As the top seed in the Pepsi Showdown, Metea Valley keeps proving it deserves that honor.

The Mustangs put on another display of their strength and speed up top Saturday at Olympic Park in Schaumburg as Kristina Tomares scored twice and Jenna Kentgen once to help Metea Valley past No. 9 seed Stevenson 3-0 in the tournament quarterfinals.

“Our team has gotten better since last year and we’re definitely a power team now,” Kentgen said. “We’ve been working hard in practice and scoring a lot of goals.”

Metea Valley (12-1) advances to meet Loyola Academy (12-0-1) in the semifinals Saturday at Olympic Park. The winner competes in the championship game next Sunday at Toyota Park.

Loyola shut out New Trier (9-1) 2-0 on Saturday.

Metea Valley needed about a half-hour to solve the Stevenson defense..
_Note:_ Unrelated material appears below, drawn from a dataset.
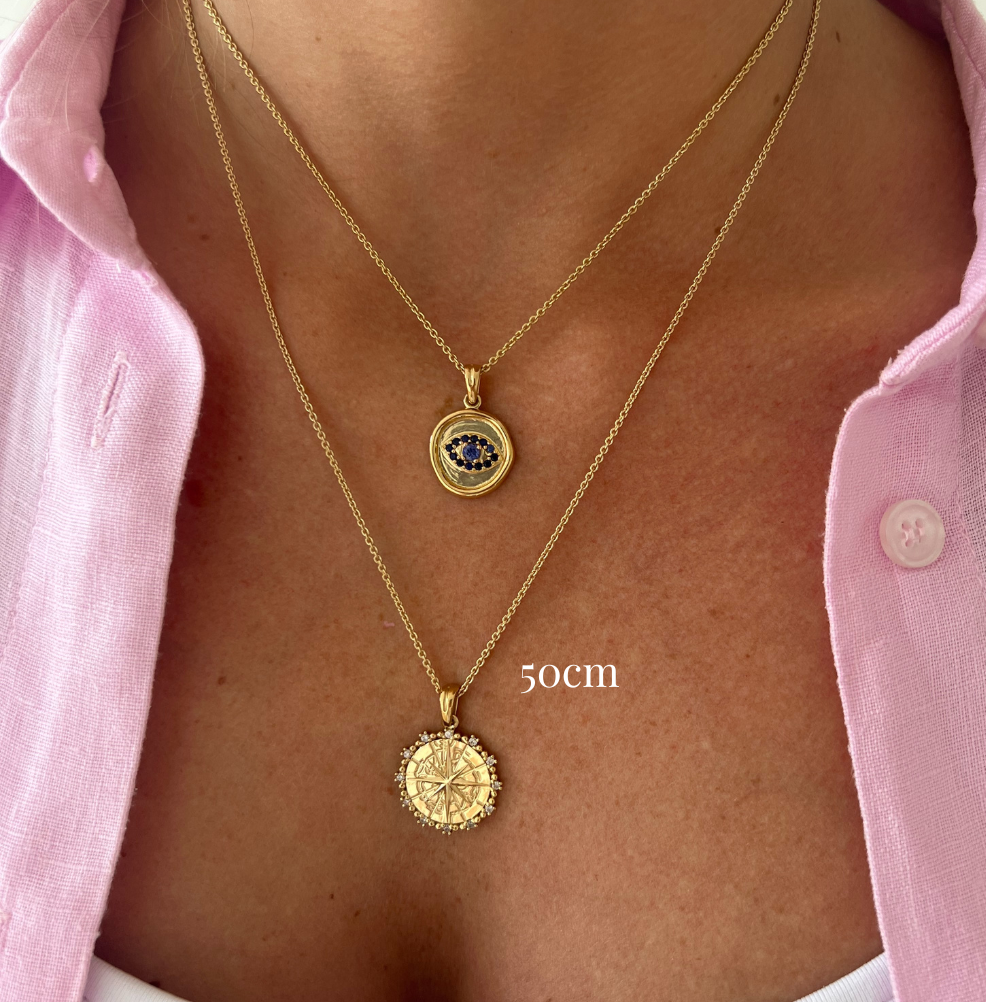 50cm Cable Chain Necklace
“We can move the ball,” Metea Valley coach Pat Feulner said. “We’ve scored a lot of goals this year and we’re dangerous up top. We can come at you with 5 or 6 different people and we play a possession game.”

The Mustangs got a pair of goals in a two-minute span.

First, Tomares took a through ball from Alexis McKay and scored in the 28th minute.

“(Stevenson’s) defense was man-marking and on our backs a lot,” said Tomares, who has 16 goals this season. “Once we got the momentum of the game, we knew that we could get past them. It was important to make runs off the ball.”

Next, Kentgen got past the Patriots’ defense after taking a pass from Elena Sidwell in the 30th minute for a 2-0 Mustangs lead.

Tomares got her second goal from a Hannah Thayer assist in the 65th minute.

Mustangs keeper Megan Geldernick made 6 saves — all in the first half — on her way to shutout.

Stevenson (5-3-1) started out reasonably well and created some scoring chances over the first 20 minutes. Even after giving up the goals, the Patriots didn’t give. They’ve been resilient all year, as evidenced by their previous outing, a 5-4 overtime victory against York in which Stevenson came from behind three times.

“I’m not happy, because you can’t give up goals like that,” Stevenson coach Mark Schartner said. “My team wasn’t deflated. We have come back after a goal. I’m just frustrated with the result.

“(Metea Valley’s) counter-attacks are major, and they had two to three players that can hurt you. Their runs without the ball are the best by far that we’ve seen this year, and they exposed us on those runs.”